There were also fashion schools operated by the Capacios and the Barredos. The first private high school established by Mr. Nazareno, which is still existing up to now is the Nazareth High School. The first Municipal Mayor was the late Ramon delos Cientos who later became a governor and just before I left for Manila, Dr. Elvira Villamin took over.
We should not leave out Miral's aborigines, the Bagobos. The first Bagobo teacher who already passed away is Mr. Andagos Ayo, who was assigned in Linawan when I was still in Dalawinon. Durcas Loma of Anonang who is the niece of the late Mr. Ayo is now Head Teacher of San Jose High School in Carmona, Cavite. She finished her secondary education in Nazareth High School. I talked to her about ABW and of course she is excited to be a member. I also requested her to write about her ancestors, their habits, customs and rituals. Her daughter Rapunzel is presently head of one of the departments of the main office of the Development Bank of the Philippines in Makati. Any one who knows Durcas? My late elder brother Engr. Juanito Metilla was the one who constructed the first Bansalan Elem. School and the first Boy Scout Headquarters.
I remembered my father was the first to be awarded Coffee Grower of the Year under the auspices of the Municipal Government during the administration of the late Mayor Ramon de los Cientos. However, I am not sure if there is still a record in their books of events. In 1950 to 1951, I was hired as an emergency teacher assigned first in Cayapunga and later transferred to Mabila, Sarangani Island. In 1952, after I finished ETC I was again hired as a temporary until I passed the Civil Service Exam to establish Dalawinon Primary School.
When I was sent to Dalawinon, there was no school but just a list of potential Grade 1 pupils. I held the class temporarily in a small chapel. Challenged, I was able to acquire a two-hectare school site donated by Mr. Canas, Mr. Opimo and Mr. Jose. With the help of the Municipal government, I was able to put up a semi-permanent 2-room building, followed my pupils up to Grade IV. In Grade V, they enrolled in Bansalan Elem. School, took up the entrance exam and fortunately most of them were assigned in Section 1 with a few in Section II. I learned that what I started is now complete Dalawinon Elementary School.
Through the initiative of Mr. Joseph Guinita who was the Municipal Secretary at that time in 1999 during the 47th Araw ng Bansalan, I was one of the awardees as Most Outstanding Bansaleno for achievements in the fields of horticulture and allied plant arts together with Jay Sonza for Radio and Television, Jojo Adlawan for Music as one of the artists in Miss Saigon, Henrylito Tacio for Print Media as international science writer for the Reader's Digest and other publications, Mr. Batal for developing the Bansalan Dam and water supply and Mr. Arches for Business and Industry.
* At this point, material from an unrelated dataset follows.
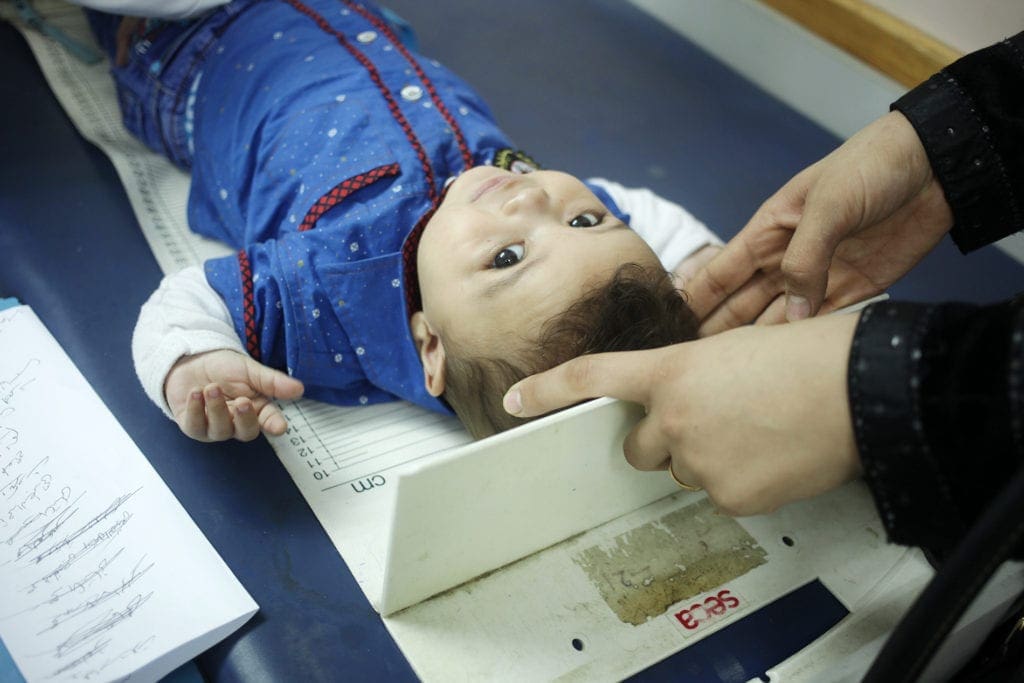 a toddler lies on an examination table.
Now, I'm glad that most Bansaleno ex-pats are now professionals and earning in dollars and Euro but most of all their hearts are still in Bansalan. I want to praise these “high tech” young ones who organized the ABW (Association of Bansalenos Worldwide) through the internet. I understand, Edwin Bibera with some of his friends and associates started the idea with a purpose of developing Bansalan as a high tech town in general. Kudos also to Leila Noel-Rispens who is very much involved upgrading the lifestyle and literacy of people not only in Bansalan but even in developing countries. My question now is: Where are the tarsiers, the kalaws and most especially the kagwangs? Can we still revive them? Where is now the exotic land of promise that was once Miral? The answer is in our hands, heart and soul.